Soap opera viewership in the Charlotte market has always been strong, which gets us back to the original question: why is TV soap bringing its act to Charlotte? The answer is attracting fresh potential viewers, namely college students. If you're familiar with any of the current summer plotlines on all the soaps, older (read: over 30) characters take a backseat to teenaged or barely 20-something characters who whip through romance, scandal, and even go on the run before Labor Day.

Say what you will about a TV genre that gets no respect, but I predict the soap opera will be here long after idiots stop eating worms on TV.

Speaking of national TV coming to the QC, if you're not one of the lucky 2,800 folks with tickets to PBS' Antiques Roadshow when it comes to the Charlotte Convention Center August 10, there's still a sliver of hope of showing off your Auntie's armoire.

This Friday, August 1, WTVI will air a "pledge" version of Roadshow at 8pm, and will offer more pairs of tickets as a kickoff to the station's annual summer pledge drive.

The station also used the Internet to sell some of its ticket allotment in exchange for a WTVI membership and two tickets. Web auction house eBay was the site for a sale that ended July 12, with average winners getting tickets from anywhere from 25 to 50 bucks. WTVI says some 15,000 Charlotte-area viewers applied for the 2,800 tickets.

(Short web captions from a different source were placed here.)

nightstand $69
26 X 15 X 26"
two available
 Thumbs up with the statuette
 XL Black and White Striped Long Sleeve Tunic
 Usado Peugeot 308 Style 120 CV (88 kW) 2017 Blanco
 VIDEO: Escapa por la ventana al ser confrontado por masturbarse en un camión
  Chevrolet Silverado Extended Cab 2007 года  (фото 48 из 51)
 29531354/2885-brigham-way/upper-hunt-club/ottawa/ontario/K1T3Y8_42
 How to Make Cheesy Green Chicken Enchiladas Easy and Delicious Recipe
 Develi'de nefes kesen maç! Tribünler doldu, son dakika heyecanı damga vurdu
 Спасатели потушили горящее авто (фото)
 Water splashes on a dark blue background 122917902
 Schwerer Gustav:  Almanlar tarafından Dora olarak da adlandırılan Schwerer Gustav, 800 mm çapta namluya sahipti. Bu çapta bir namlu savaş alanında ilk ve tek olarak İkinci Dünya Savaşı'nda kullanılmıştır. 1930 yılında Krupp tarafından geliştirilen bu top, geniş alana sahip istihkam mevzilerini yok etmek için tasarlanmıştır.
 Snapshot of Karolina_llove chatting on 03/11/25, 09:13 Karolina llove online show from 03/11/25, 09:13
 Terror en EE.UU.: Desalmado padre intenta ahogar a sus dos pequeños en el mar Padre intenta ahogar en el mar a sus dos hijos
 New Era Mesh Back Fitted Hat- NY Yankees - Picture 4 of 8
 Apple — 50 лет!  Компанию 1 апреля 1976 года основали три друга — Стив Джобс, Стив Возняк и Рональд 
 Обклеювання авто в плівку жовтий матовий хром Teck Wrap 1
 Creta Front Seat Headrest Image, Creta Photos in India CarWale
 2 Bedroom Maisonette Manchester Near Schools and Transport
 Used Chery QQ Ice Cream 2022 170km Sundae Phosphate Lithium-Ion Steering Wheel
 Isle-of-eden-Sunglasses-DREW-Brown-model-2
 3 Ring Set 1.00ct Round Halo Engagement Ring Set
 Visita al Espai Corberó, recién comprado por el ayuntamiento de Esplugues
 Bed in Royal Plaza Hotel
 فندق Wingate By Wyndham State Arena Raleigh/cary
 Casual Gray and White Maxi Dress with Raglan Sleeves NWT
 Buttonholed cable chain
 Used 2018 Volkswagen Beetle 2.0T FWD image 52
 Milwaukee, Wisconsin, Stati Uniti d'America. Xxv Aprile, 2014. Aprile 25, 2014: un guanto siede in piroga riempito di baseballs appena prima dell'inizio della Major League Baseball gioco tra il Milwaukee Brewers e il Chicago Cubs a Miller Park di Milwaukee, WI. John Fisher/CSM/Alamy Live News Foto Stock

Elections are becoming a bigger priority for WSOC-TV, due to a companywide mandate from parent company Cox Communications. Congressional candidates and South Carolina gubernatorial candidates are being offered five minutes of free airtime on non-primetime periods before the November elections to appeal to voters. WCNC did the same back in 1998, and along with WBTV, all three stations are expected to produce debates or voter forums. It's the way it oughta be.